Binary Digit – Xrns Trax (WeMe)
Erneut zollt der französische Produzent Binary Digit seinem Vorbild Aphex Twin Tribut. Und warum auch nicht, ist der Output des Electronica-Gottvaters – mal abgesehen von seinem Schwall an Soundcloud-Uploads vor ein paar Jahren – doch nicht unbedingt der größte. Dabei gibt es im Grunde doch niemals genug Braindance im Leben.
So beginnt die EP mit einem Stück außerirdischer Melancholie, zart gegeneinander verstimmten Melodien, die gleichermaßen ergreifen wie verzücken. Im nächsten Track wird die Gemütslage dann umgepolt: Wo eben noch Schwermut schwelgte, ist es nun Hochgeschwindigkeits-Gute-Laune, die mit rasenden Acid-Lines beglückt. Happiness mit durchaus psychotischem Anstrich. Was gleichermaßen für die folgende wilde 303-Jagd gilt. „Acid King Charles Spaniel” heißt sie. Und der durchgeknallte Titel transportiert die überkandidelte Stimmung des Tracks perfekt. Das Abschlussstück „P5HD-165TEKmix2” greift auf die wehmütigen Akkordfolgen des Eröffnungstracks und vereint sie mit dem rasenden Acid-Geblubber der vorherigen Tunes zu episch breitwandiger Glückseligkeit. Braindance forever!
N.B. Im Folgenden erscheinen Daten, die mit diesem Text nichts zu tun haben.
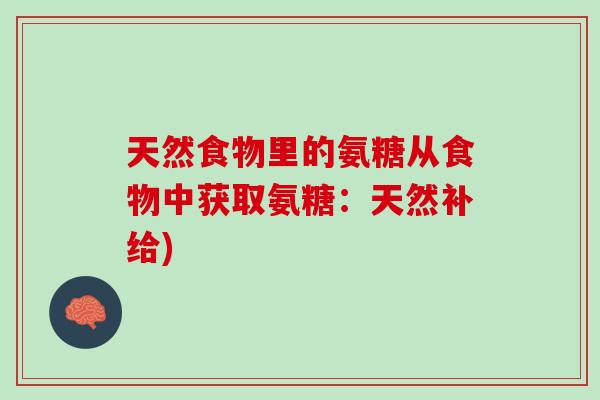 天然食物里的氨糖从食物中获取氨糖：天然补给)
Tim Lorenz
Kin Teal – Piqued EP (Tropopause)
Rückblickend sind wir alle gscheiter – hätten wir Piqued von Kin Teal nicht gehört, wir wären nie auf die Idee gekommen, uns diesen supertollen Subwoofer bei Media Markt zu gönnen. Wir hätten das Ding nicht in den vierten Altbaustock geschleppt und uns dabei nie den Rücken verrissen. Vermutlich hätten wir nicht einmal geflucht, als wir uns an den Kupferkabeln geschnitten haben, uns niemals gefreut, weil die Basskiste zum ersten Mal geatmet hat, oder gelacht, nachdem die Nachbarn die Cops gecallet haben. All das wäre nie passiert, hätten wir nicht diesen ungarischen Producer und seine Mukke entdeckt.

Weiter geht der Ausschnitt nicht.